SMTT TEACHER_ID CLASS_ID X
1 T1 C1 4
1 T1 C1 3
1 T1 C2 3
2 T1 C2 3
2 T1 C2 4
2 T1 C3 2
2 T1 C3 3
1 T2 C4 4
1 T2 C4 4
1 T2 C4 3
1 T2 C4 2
2 T2 C5 2
2 T2 C5 2

SMTR is semester 1 and 2.

There are two teachers: T1, T2.

In semester 1, T1 teaches 2 classes (C1, C2). In C1, there are 2 students, in C2, 1 students.

In semester 2, T1 teaches 2 classes (C2, C3).
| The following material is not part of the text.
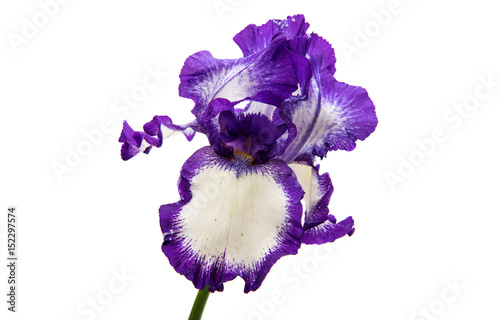 Fototapeta Naklejka Na Ścianę i Meble -  Iris flower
In C2, there are 2 students, in C3, 2 student

lass C2 should be counted as two distinct classes since they are offered by two different semesters.

X is the score.

Now, how do I write a program to calculate distinct number of classes and number of students taught by each teacher?

and create a new data set as follows:

TEACHER_ID Nclass Nstudents

T1 4 7

T2 2 6

## Re: counting number of observations

Sort by teacher_id, smtr and class_id; use the same in the BY statement of the data step, but leave the rest of the code unchanged.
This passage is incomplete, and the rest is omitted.